From (6) with $r=1$ and $s$ large, one should be able to get something about your third question, but I have not tried to see whether this is easy or hard.


I'm not sure all the terms you might want to search under, but I would include "random walk", since $P(Y\ge \frac{1}{2}+\epsilon)$ is just the probability of falling off the proverbial bridge if it is infinitely wide to the left and getting wider to the right along a diagonal with slope controlled by $\epsilon$.


Here is a picture of the distribution of $Y$ on $(\frac 12; 1)$ (I am not showing the top half which is just a vertical segment at $Y=1$)

enter image description here

This plot was made with all the fractions of denominator up to $200$. For $r = p/q$, there are $n=q-p$ roots to find, which you can apparently get with Newton's method starting at the $\exp((-1+2ik \pi)/n)$ for $k=0 \ldots n-1$. That everything lines up properly likes this should be evidence that this heuristic works.

Using the data from all those points gives $0.77 \le E[Y] \le 0.85$ (the gap corresponds to the missing probability mass, I realize now I could be a lot more precise here).

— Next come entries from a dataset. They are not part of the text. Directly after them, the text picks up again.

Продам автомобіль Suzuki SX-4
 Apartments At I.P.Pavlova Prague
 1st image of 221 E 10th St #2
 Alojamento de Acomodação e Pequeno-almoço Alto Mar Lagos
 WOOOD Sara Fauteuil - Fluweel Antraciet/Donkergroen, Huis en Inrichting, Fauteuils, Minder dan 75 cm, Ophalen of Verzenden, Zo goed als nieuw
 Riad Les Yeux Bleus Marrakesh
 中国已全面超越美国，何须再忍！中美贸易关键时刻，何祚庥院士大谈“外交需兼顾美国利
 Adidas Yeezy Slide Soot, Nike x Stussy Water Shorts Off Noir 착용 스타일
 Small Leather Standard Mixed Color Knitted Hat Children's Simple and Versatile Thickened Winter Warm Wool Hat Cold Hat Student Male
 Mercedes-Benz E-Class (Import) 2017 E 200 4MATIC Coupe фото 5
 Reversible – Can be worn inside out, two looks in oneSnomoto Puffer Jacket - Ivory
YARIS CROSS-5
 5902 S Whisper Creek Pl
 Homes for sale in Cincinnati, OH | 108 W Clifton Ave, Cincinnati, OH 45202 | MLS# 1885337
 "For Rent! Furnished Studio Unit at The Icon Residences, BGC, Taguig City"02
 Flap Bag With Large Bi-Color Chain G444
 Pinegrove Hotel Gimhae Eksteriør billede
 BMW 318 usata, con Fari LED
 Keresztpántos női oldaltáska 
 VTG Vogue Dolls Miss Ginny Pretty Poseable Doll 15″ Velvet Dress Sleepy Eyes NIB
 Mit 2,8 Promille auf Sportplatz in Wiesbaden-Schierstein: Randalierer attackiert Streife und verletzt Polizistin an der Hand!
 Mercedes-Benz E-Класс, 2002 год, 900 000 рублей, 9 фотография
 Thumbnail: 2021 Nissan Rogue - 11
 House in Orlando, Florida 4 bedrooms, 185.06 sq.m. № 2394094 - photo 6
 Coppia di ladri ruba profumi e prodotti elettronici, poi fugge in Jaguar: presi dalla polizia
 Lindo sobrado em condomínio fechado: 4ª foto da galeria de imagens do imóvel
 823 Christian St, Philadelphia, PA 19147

I think we can prove, looking at $r = 1- \frac 1n$ and the behaviour of the only small root $x_n$ of $1-2x+x^n$, that there is a horizontal tangent at $(1,\frac 12)$ (in fact it should converge exponentially to $\frac 12$).

To study the behaviour at $Y \approx \frac 12$, one would need to study the roots of $1 - 2x^n + x^{2n+1}$, which seems a bit harder .